In a lecture he gave at Sorbonne University, in Paris, upon receiving an honorary doctor’s degree from that institution in 1979, Ribeiro stated: “I failed at everything I attempted in life. I tried to teach Brazilian children to read and write, I wasn’t able. I tried to save the Indians, I wasn’t able. I tried to make a serious university and failed. I tried to make Brazil develop autonomously and failed. But those failures are my victories. I would hate to be in the place of who defeated me.”
This statement denotes the humility, as well as the reach of the actions of this man who was one of Brazil’s greatest thinkers and who continues, yet today, to wield great influence on the intellectual production concerning the social formation of Brazil and Latin America—and its profound racial and demographic inequalities.
An ethnologist, writer, and educator, Ribeiro also served in government, in roles that included federal senator for Rio de Janeiro (1991–1997) and minister of education of Brazil (1962–1963). He was furthermore the founder of University of Brasília (1962), an important public Brazilian university, and the creator of the Xingu National Park (today Xingu Indigenous Park), the largest demarcated indigenous territory in Brazil, which includes 14 ethnicities, besides having been responsible for the founding of other landmarks of cultural heritage, such as the Museu do Índio, the Memorial da América Latina, the Monumento ao Zumbi dos Palmares and the Sambódromo do Rio de Janeiro. Shown at Sesc 24 de Maio, this exhibition revisits Ribeiro’s intellectual and political legacy, based on a prospective approach, highlighting his activism in public education and in the protection of the indigenous peoples.

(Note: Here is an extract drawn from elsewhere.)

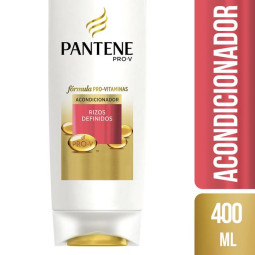 ACOND.PANTENE A.PROV.RIZOS 400 ML ACONDICIONADORES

A highlight in the exhibition is a large audiovisual installation that immerses the visitor in the kuarup for Darcy Ribeiro—a posthumous funereal ceremony held in the Xingu Indigenous Territory in 2012 and recorded by filmmaker Eryk Rocha. A kuarup is a ritual in homage to an illustrious deceased person, organized by various indigenous peoples in the Upper Xingu region, in a celebration with an important socializing and pacifying function, which culminates in festivities, dances and a fighting tournament between warriors. According to anthropologist Antonio Guerreiro, the kuarup is a fundamental element of the identity of the peoples of the Upper Xingu region, and in the context of the exhibition this setting represents the respect that the indigenous peoples of Xingu have for Ribeiro.
Also on the perimeter of the exhibition space, the power of his reflection and his work will be presented from four facets that translate his legacy: the anthropologist, the educator, the politician and the essayist and thinker of Brazil. These nuclei will consist of videos, indigenous feathers collected by Darcy, photographs, objects, documents, literary works, unpublished original letters and a timeline.
Held in parallel to the exhibition there will be a program of courses, debates and lectures throughout the show’s run, which dialogue with Ribeiro’s life and work. These actions will be carried out by the political education group Coletivo 3palitos, which seeks the participation of youths and adults in institutional politics. The project’s educational aspect is also evinced in resources of accessibility, including a tactile floor and map, an audio guide with audio description, a video guide in Brazilian sign language with captions for the hearing impaired, as well as other tactile resources—such as reproductions of artworks—developed with the collaboration of people with disabilities.
The project is part of the set of actions carried out in a network at Sesc São Paulo, “Diversos 22: projetos, memórias, conexões” [Diverse 22: projects, memories, connections] which is related to the Centenary of the Modern Art Week of 1922 and the Bicentennial of Brazil’s Independence (1822), along with their possibilities for aesthetic, critical and historical reflection.